Since 2004, the Olympics have allowed for trans athletes to compete, and they updated their guidance in 2015. These will be the first games where an openly trans athlete will participate.
While trans athletes are allowed by the IOC, they only set the guidelines for athlete participation, but there are sporting federation tasked with regulating each sport and determining the rules. Women, cisgender or transgender, can also get excluded based on their hormone levels, if they don’t fall into the range set by the IOC or regulating agencies.
Caster Semenya, Christine Mboma and Beatrice Masilingi have all been excluded from Olympic events based on their natural testosterone levels. All three women are cisgender and from nations in Africa.
“The rules are in place and the rules have to be applied and you cannot change the rules during an ongoing qualification system,” Bach stated according to Reuters. “This is what all the athletes of the world are relying on: that the rules are being applied.”
He did note, however, that the Olympics will have “an inquiry phase with all different stakeholders… to review these rules and finally to come up with some guidelines.”
Hubbard is a trans woman that was selected to compete in weightlifting for New Zealand. She became the first trans athlete confirmed to a spot on an Olympic team earlier this year.
“As well as being among the world’s best for her event, Laurel has met the IWF eligibility criteria including those based on IOC Consensus Statement guidelines for transgender athletes,” Kereyn Smith, the CEO of the New Zealand Olympic Committee, said along with the announcement of her selection.
She’ll represent the island nation in the women’s super-heavyweight 87+kg category.
A petition was raised calling for the Olympics to remove her. It had garnered over 21,000 signatures by July 5.

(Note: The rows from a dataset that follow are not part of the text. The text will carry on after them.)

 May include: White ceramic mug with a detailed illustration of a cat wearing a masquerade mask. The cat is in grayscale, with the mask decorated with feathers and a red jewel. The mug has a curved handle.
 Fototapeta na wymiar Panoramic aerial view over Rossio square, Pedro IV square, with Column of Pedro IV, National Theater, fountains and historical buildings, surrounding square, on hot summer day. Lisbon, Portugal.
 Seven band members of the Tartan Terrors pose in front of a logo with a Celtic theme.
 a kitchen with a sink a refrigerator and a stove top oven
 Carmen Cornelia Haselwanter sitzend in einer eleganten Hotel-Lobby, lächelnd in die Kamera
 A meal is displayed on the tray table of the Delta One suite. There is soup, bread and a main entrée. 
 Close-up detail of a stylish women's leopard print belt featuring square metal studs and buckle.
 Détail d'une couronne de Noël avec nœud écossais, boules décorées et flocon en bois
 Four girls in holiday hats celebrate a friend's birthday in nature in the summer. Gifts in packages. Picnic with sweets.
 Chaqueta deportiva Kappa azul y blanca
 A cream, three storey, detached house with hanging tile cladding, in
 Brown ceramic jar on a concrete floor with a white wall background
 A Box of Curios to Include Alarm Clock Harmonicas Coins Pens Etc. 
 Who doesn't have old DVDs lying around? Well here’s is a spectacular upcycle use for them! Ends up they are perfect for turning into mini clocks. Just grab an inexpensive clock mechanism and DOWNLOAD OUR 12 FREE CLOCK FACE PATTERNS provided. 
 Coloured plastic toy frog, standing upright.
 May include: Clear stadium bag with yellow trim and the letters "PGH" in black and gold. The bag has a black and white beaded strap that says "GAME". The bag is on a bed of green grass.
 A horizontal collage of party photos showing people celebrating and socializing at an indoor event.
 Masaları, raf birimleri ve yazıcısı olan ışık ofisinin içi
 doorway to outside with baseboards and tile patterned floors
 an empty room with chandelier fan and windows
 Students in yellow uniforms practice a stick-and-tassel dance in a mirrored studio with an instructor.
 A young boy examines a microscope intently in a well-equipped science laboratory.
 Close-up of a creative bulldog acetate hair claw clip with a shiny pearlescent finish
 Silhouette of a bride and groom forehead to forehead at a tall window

Hubbard has previously medaled at the 2017 World Weightlifting Championships and at the 2019 Pacific Games in the heaviest categories of weightlifting, and she is now set to compete at the Olympics in Tokyo.
Hubbard would also be the oldest lifter at the Tokyo games at age 43. She suffered a major injury at the 2018 Commonwealth Games in Australia, but came back to win the gold at the Pacific Games the next year.
She’s currently ranked 16th in the world in women’s weightlifting, and several people ranked above her won’t be at the Olympics because the number of athletes each country can send is being limited due to COVID-19 by the IWF.